#!/bin/bash
set -u
#==============================================================================
# Declarations and Environment
declare ThisScript=${0##*/}
declare CmdLine="$0 $*"
declare Version=1.2.0
declare ThisUser=
declare ThisHost=
declare HostList=
declare HostList2=
declare ExcludeHostList=
declare SDPHostsCfg="/p4/common/site/config/sdp_hosts.cfg"
declare -i Excluded=0
declare -i HostCount=0
declare -i HostProcessedCount=0
declare -i OKCount=0
declare -i ErrorCount=0
declare -A HostStatus
declare -i Verbose=1
declare CmdAndArgs=
declare SDPEnvFile="/p4/common/bin/p4_vars"
declare SDPInstance=
declare -i Debug=0
declare -i NoOp=0
declare Log=
declare H1="=============================================================================="
declare H2="------------------------------------------------------------------------------"

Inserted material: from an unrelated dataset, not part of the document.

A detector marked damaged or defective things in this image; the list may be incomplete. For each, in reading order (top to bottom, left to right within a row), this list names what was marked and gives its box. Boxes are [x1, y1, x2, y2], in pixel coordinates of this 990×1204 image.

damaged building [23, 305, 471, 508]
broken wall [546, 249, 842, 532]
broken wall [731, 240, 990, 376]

#==============================================================================
# Local Functions
function msg () { echo -e "$*"; }
function dbg () { [[ "$Debug" -eq 0 ]] || msg "DEBUG: $*"; }
function errmsg () { msg "\\nError: ${1:-Unknown Error}\\n"; ErrorCount+=1; }
function bail () { errmsg "${1:-Unknown Error}"; exit "$ErrorCount"; }
#------------------------------------------------------------------------------
# Function: terminate
function terminate
{
# Disable signal trapping.
trap - EXIT SIGINT SIGTERM
# Stop logging.
[[ "$Log" != off && -f "$Log" ]] && msg "\\nLog is: $Log\\n${H1}"

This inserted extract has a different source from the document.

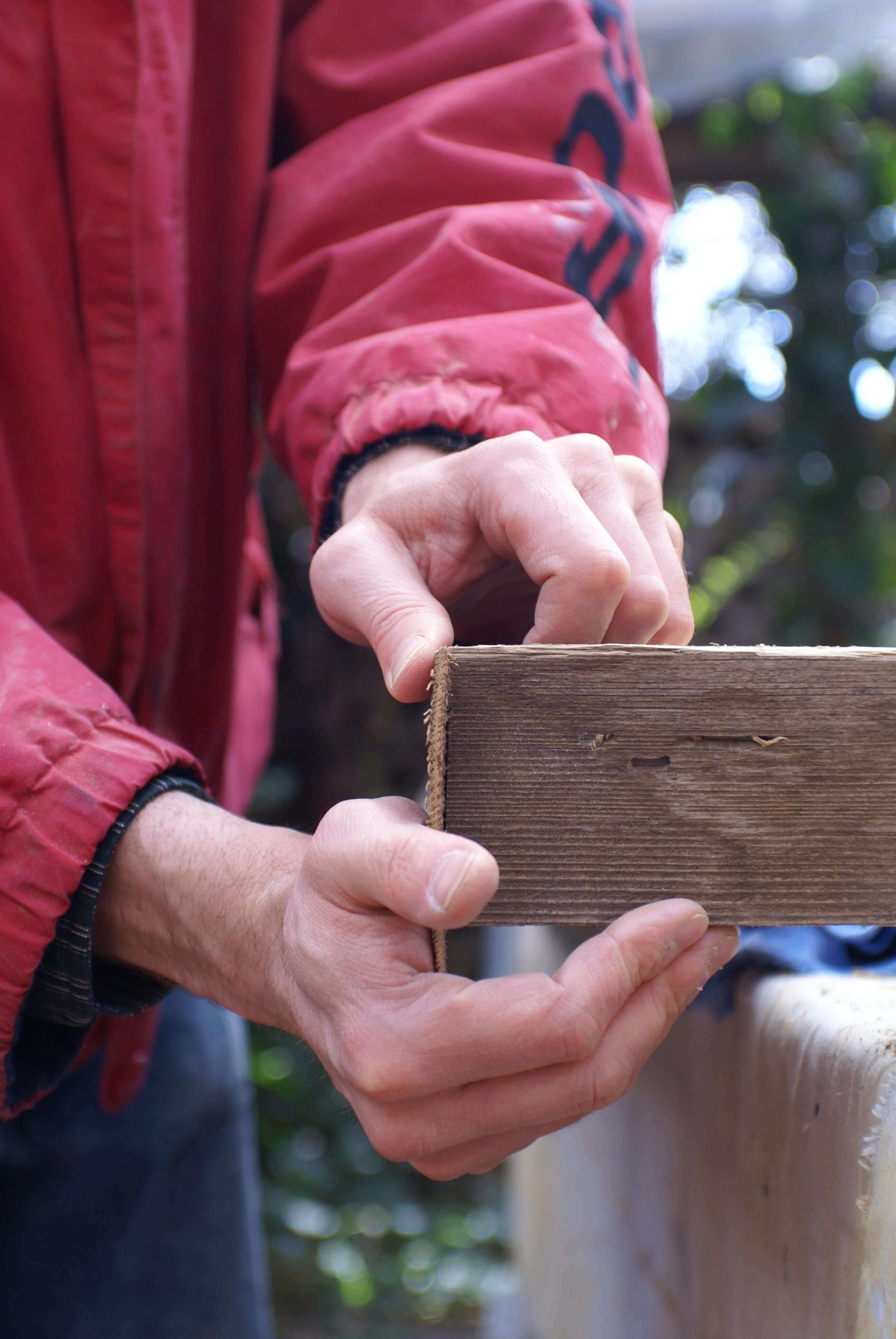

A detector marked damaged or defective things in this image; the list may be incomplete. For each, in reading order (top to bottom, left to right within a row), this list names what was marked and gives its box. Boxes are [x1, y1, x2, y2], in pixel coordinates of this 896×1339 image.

splintered wood fiber [428, 643, 896, 926]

# With the trap removed, exit.
exit "$ErrorCount"
}
#------------------------------------------------------------------------------
# Function: usage (required function)
#
# Input:
# $1 - style, either -h (for short form) or -man (for man-page like format).
# The default is -h.
#
# $2 - error message (optional). Specify this if usage() is called due to
# user error, in which case the given message displayed first, followed by the
# standard usage message (short or long depending on $1). If displaying an
# error, usually $1 should be -h so that the longer usage message doesn't
# obscure the error message.
#
# Sample Usage:
# usage
# usage -h
# usage -man
# usage -h "Incorrect command line usage."
#------------------------------------------------------------------------------
function usage
{
declare style=${1:--h}
declare errorMessage=${2:-Unset}
if [[ "$errorMessage" != Unset ]]; then
msg "\\n\\nUsage Error:\\n\\n$errorMessage\\n\\n"
fi
msg "USAGE for $ThisScript v$Version:
$ThisScript {-a [-e <host1>[,<host2>...]] | -r [-e <host1>[,<host2>...]] | -H <host1>[,<host2>...]} [-q] [-n] [-L <log>] [-si] [-d|-D]
[-c cmd and args ...]
or
$ThisScript [-h|-man|-V]
"
if [[ $style == -man ]]; then
echo -e "
DESCRIPTION:
This script executes a command on multiple SDP hosts.
OPTIONS:
-c Specify the command with options/arguments/flags to run on remote hosts.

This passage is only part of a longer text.